When an important Chinese government figure is nearly assassinated, Inspector Lee (Jackie Chan) desperately follows the clues to the heart of a criminal empire. Tagging along is Lee's pal Carter (Chris Tucker), who craves the excitement. The journey takes them to Paris, where Carter and Lee quickly find themselves in over their heads dealing with Triad complications (Hiroyuki Sanada), a mysterious nightclub performer (Noemie Lenior), and a bureaucrat (Max von Sydow) who wants this case put to bed quickly.
The quality of the "Rush Hour" films always depends on to the potency of the material. 2001's "Rush Hour 2" was a near-perfect realization of the formula, lurching through expansive set-pieces like a steamroller and exploiting the cultural friction between Tucker and Chan to comedy gold. It was a popcorn enterprise of the highest order, miles ahead of 1998's "Hour 1."
One can sense a certain sleepy quality about "Hour 3," as though the financial impetus of the series is starting to lean heavily on the imagination of the filmmakers. The new picture doesn't feature a particularly robust story, but director Brett Ratner is convinced it's his duty to sell the twisty turns of the lackluster script, as though the audience actually cares who did what to who and when. Buddy, we're all here for laughs and a couple of broken bodies.
When "Hour 3" slips back into familiar theme park stunt show theatrics, the results are thrilling. Criticize Ratner as a Hollywood brat, but the man can capture a scene of circus-like velocity unlike many of his generation. Hustling around the frame, spanking cities such as Los Angeles and Paris as Carter and Lee tear up the streets, "Hour 3" plays unswervingly to expectations, but they're deliciously frenzied expectations with dynamite results. Ratner stages his action beats big and broad (a Parisian taxi chase is a standout), yet the film never feels bloated like so many sequels this summer. "Hour 3" isn't so much trying to top itself as it is looking to recall why viewers took interest in the first place. There's a certain appeal in that.
To fend off franchise fatigue, Ratner has cast the film beautifully, throwing in an international collection of faces (including Yvan Attal, Roman Polanski, and Youki Kudoh) that help out Tucker and Chan when their traditional performances start to show unmistakable signs of rust.

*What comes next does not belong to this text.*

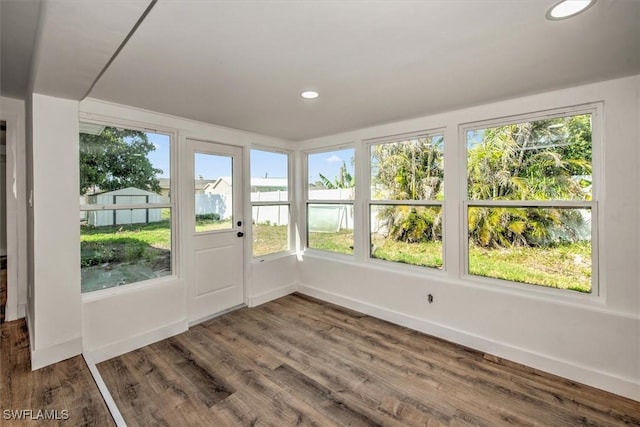 unfurnished sunroom with baseboards, wood finished floors, and recessed lighting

Chris Tucker seems the most inert during the new "Hour." Certainly his smack-talkin', horndog creation of Carter is allowed plenty of room for jokes, and Tucker lands his share of the laughs (he's hard to resist when he quickdraws his wildest reactions); however, this is only Tucker's third film in a decade, and the last two were the earlier "Hour" installments. One can sense a lack of lubrication to Tucker's motor-mouth: the actor pushes far too hard to be hilarious when it used to be so effortless. Of course, there are gigantic laughs to be devoured in "Hour 3" (a brief episode of separation between Carter and Lee is the most inspired comedic concept of Ratner's career), but the stretch marks are starting to show in this round.

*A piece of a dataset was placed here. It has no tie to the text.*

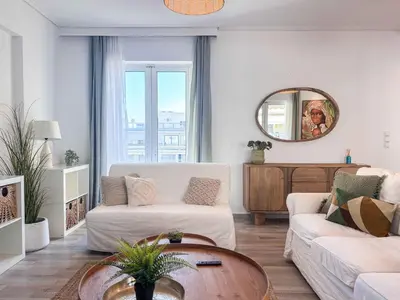 a living room with a white couch and a table at Boho Flat in Glyfada Center in Athens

For the finale, the film explodes with an Eiffel Tower showdown, making the most of Chan's choreographed spasms, but finding itself with surprising little invention to bounce off of. This is not a question of familiarity, just fatigue. "Hour 3" closes the series on a pleasing note, and there's little disagreement from me about the way Ratner is simply flying through the motions. After all, these are fun motions. Still, it's time to close the book on this peculiar franchise, and "Rush Hour 3" is a satisfying spin around the punch-n-giggle track.